For several years, Democrats For Education Reform1 staff member Charlie Barone has been pointing out that the nominal 100%-proficient AYP requirement for 2014 is not, in fact, 100%: NCLB’s “safe harbor” provision allows schools to meet AYP if all subgroups improve in the proportion labeled “proficient” by a certain amount (or, rather, the formula targets the proportion not meeting proficiency is reduced).

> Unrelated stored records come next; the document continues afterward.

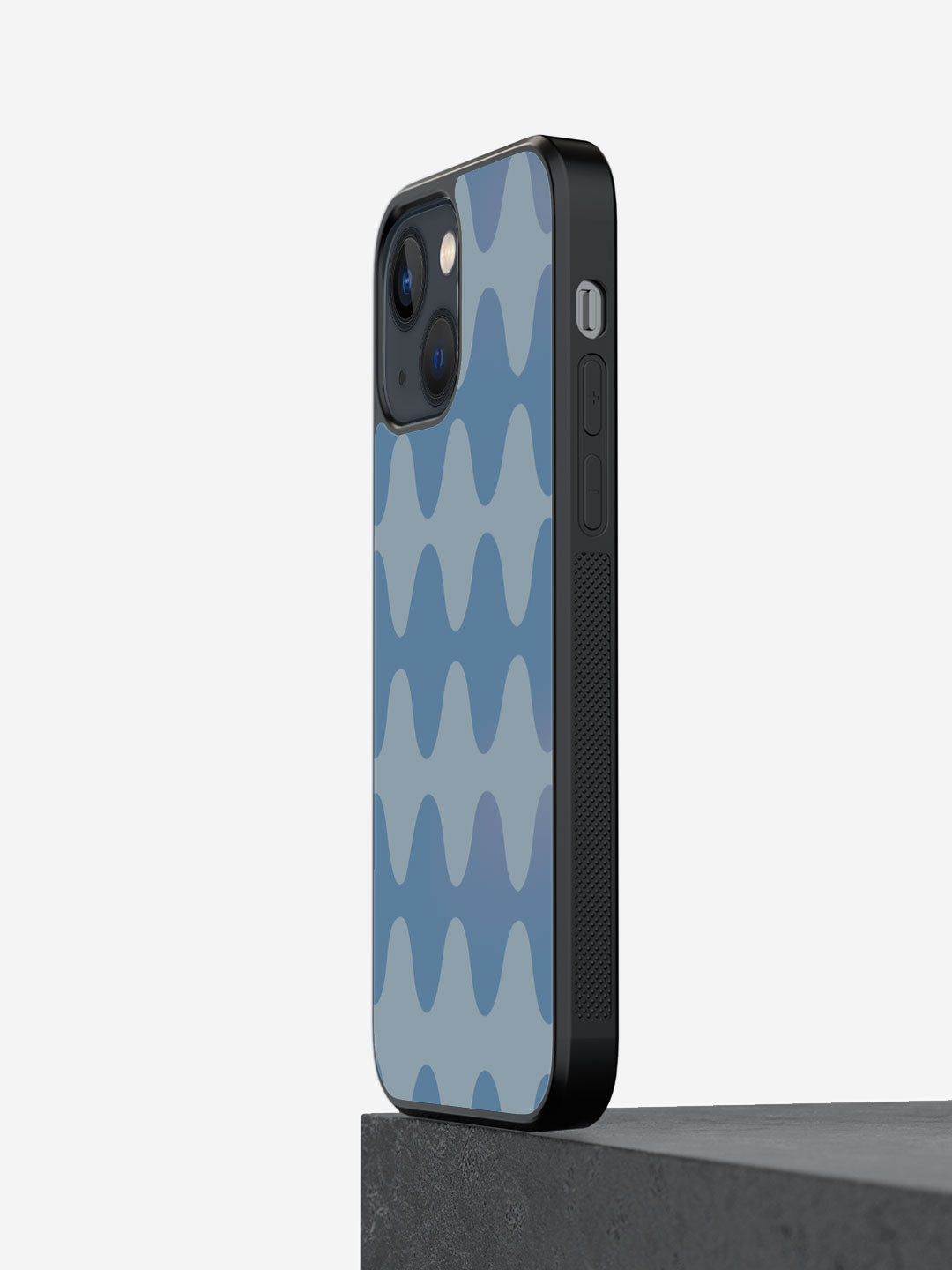 Wavy Wonder Blue - iPhone 13 Bumper Cover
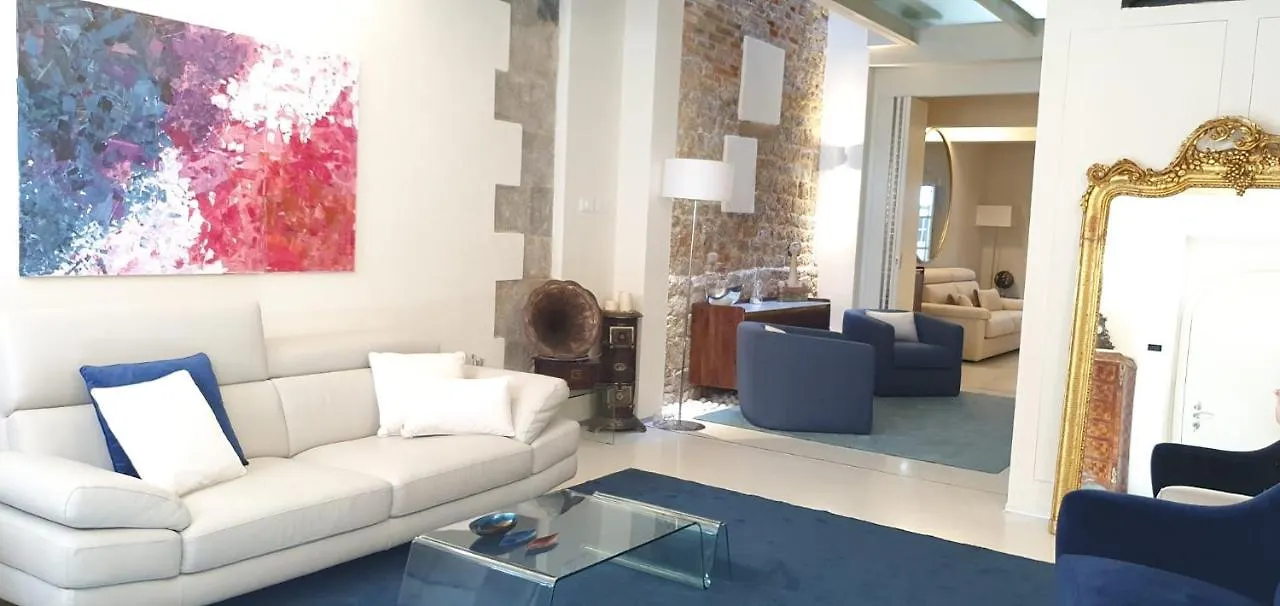 בית הארחה מלון Luxury Tower House In Heart Of פיזה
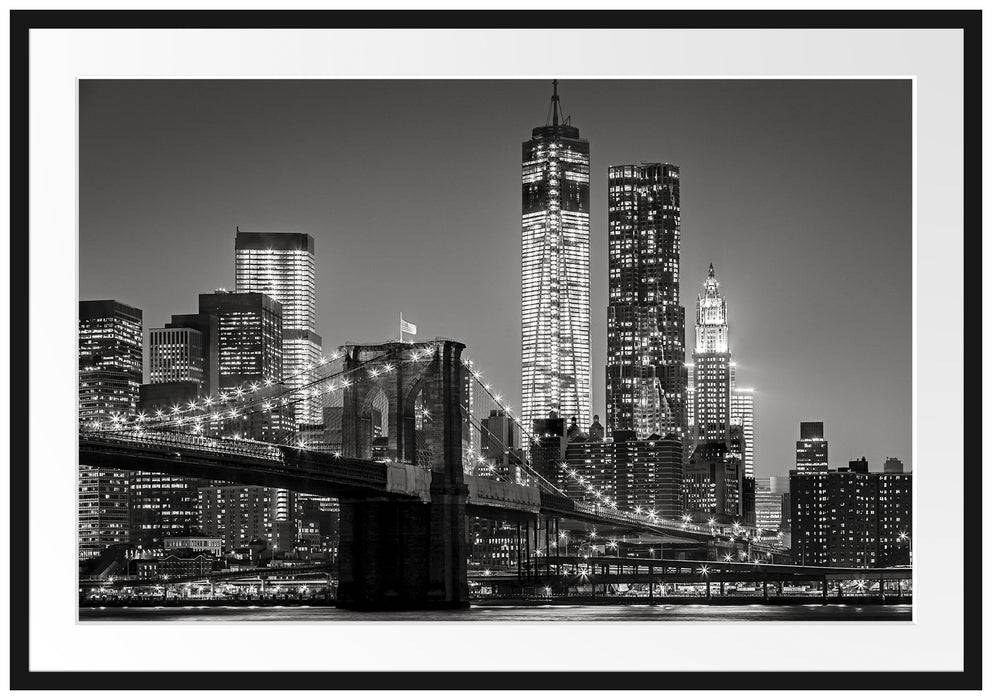 Pixxprint New York City Skyline bei Nacht, im Galerie-Passepartout Bilderrahmen
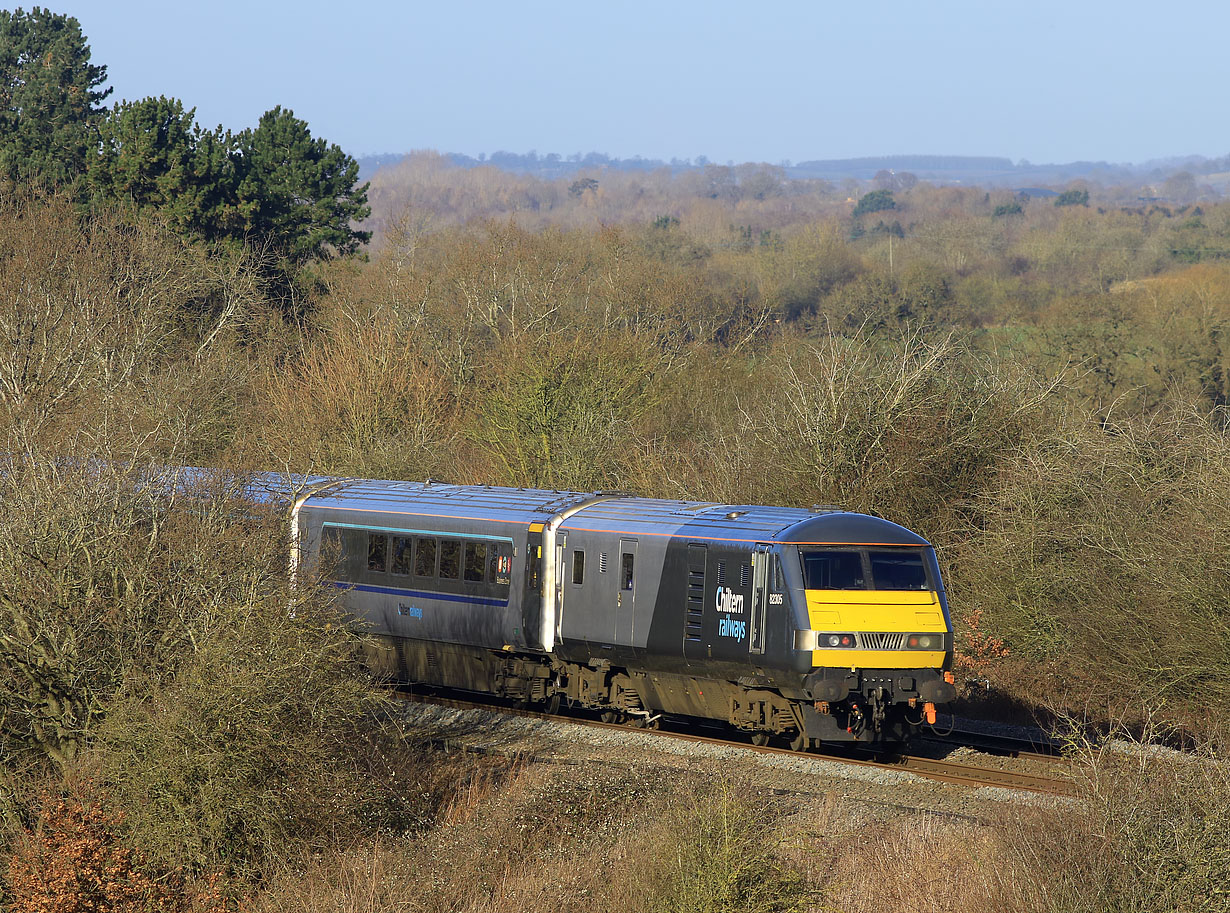 82305 Ardley Tunnel 25 January 2025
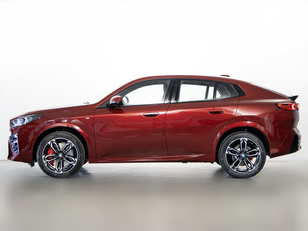 Fotos de BMW X2 sDrive18d color Rojo. Año 2024. 110KW(150CV). Diésel. En concesionario Fuenteolid de Valladolid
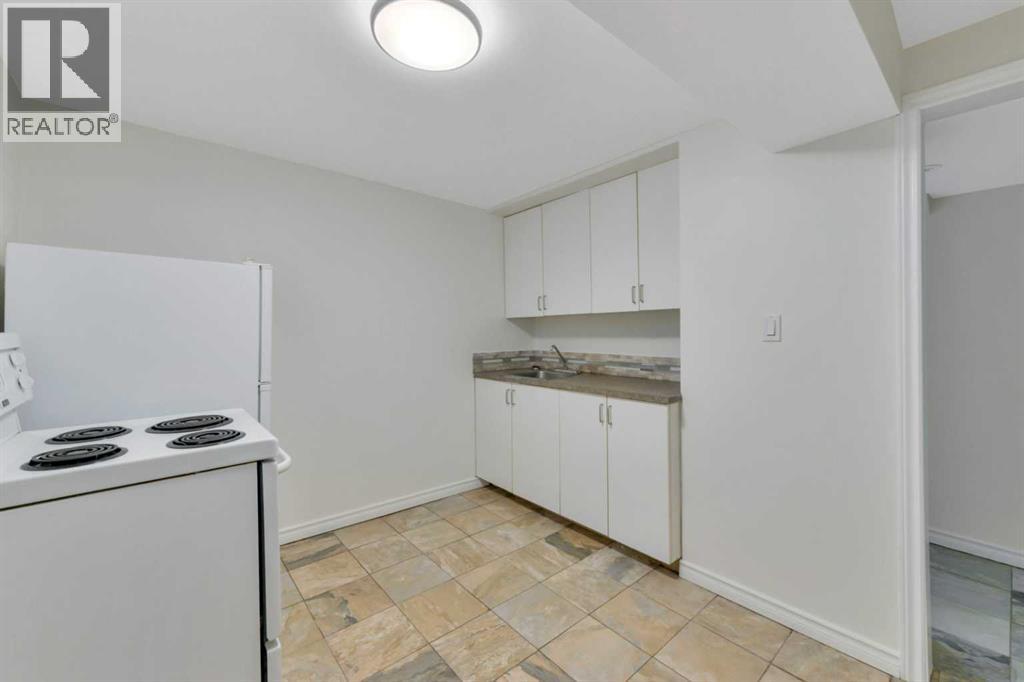 11 Fir Street, Red Deer, Alberta  T4N 4Y3 - Photo 23 - A2264121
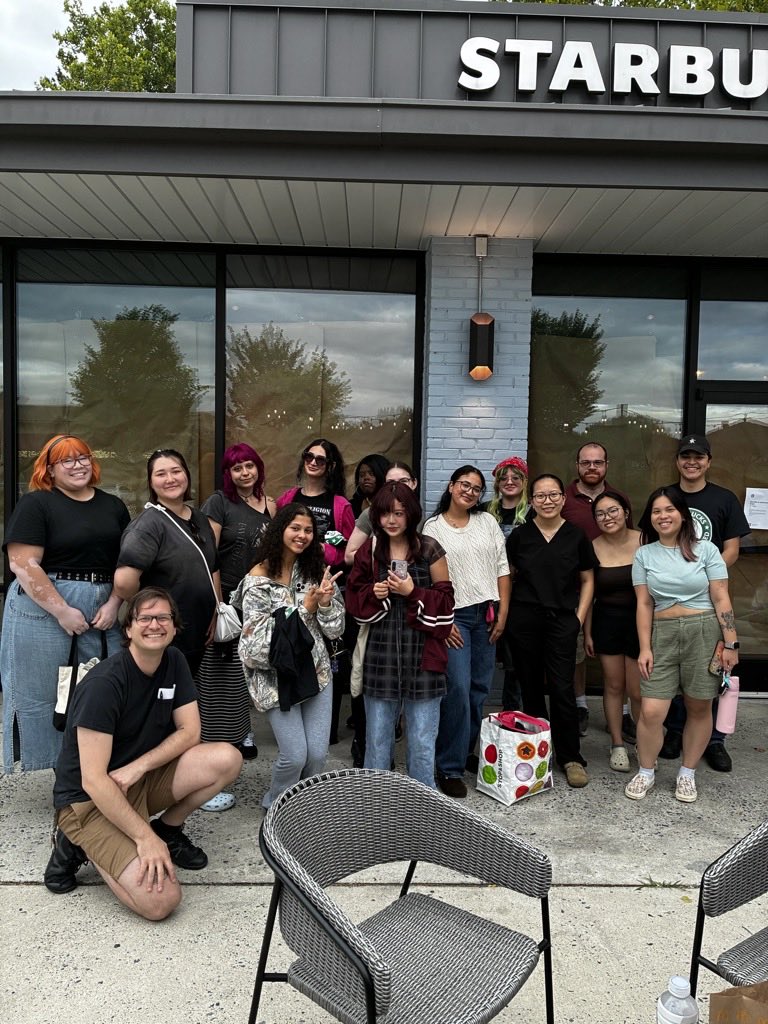 SBWorkersUnited's tweet photo. We’re not just tired of low pay, inadequate protections, and chaotic scheduling… we’re organizing unions to say enough is enough!

CONGRATULATIONS to Starbucks baristas in Columbia, MD - they just won their union election 19 to 3! ✊ https://t.co/bbIPnwjSvI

For a variety of reasons I think the nominal 100%-proficiency goal was wrong.2 But Barone has been correct in his reading of the law: there is a safe-harbor provision, and it does provide a safety-valve from the 100% proficient requirement in 2014.3 In essence, the safe-harbor provision is a requirement for continuous improvement: a clunky formula-driven version of continuous improvement, but a version of continuous improvement nonetheless.

This consistent position thus makes me even more confused with Alyson Klein’s reporting yesterday that Barone now dislikes continuous improvement in the context of Iowa Senator Harkin’s draft ESEA reauthorization bill:

“‘Continuous improvement’ is the education equivalent of embarking on a weight-loss program, putting your scale in storage, and walking around in sweatpants for three months.”

In particular, Barone is concerned that, without clear achievement targets in place, poor and minority children will be swept under the rug.

From his other writing I have inferred Barone was in favor of the 2004 reauthorization of the nation’s special-education law that created a Response to Intervention framework for assessment… which is essentially a continuous-improvement test for intervention (in terms of providing intensive services to individual students). But I could be wrong about that, or maybe Klein misquoted him, or maybe something about the context of the interview is missing, maybe something about the definition of “continuous improvement” in the expected bill to be marked up in committee. Barring that, this turnabout is puzzling.

If the quotation and context is correct, I think I understand where he may be coming from: it looks much like a 21st-century version of 1970s hard-numbers perspectives on desegregation. “Unless we set hard targets, school districts will wiggle out of desegregation.” That sounds like Gary Orfield, no?  Now replace “desegregation” with “accountability” and you have something very close to Klein’s quoting of Barone above. The fundamental dilemma with such hard targets is that while they may be necessary in the short term, they are very difficult to sustain politically in the long term. Scold fatigue sets in after a few years of suburban schools’ being told most of them suck. The reality is that while this year’s high school sophomores might not be learning everything you or I might like, many suburban parents are happy with the schools their children are attending.4

That fact does not mean suburban schools are doing well by all their students, but rather that we’re in a particularly bad policy place if a “you mostly suck” strategy is the best we can do. It also happens to be a particularly bad political place (see Carter, James).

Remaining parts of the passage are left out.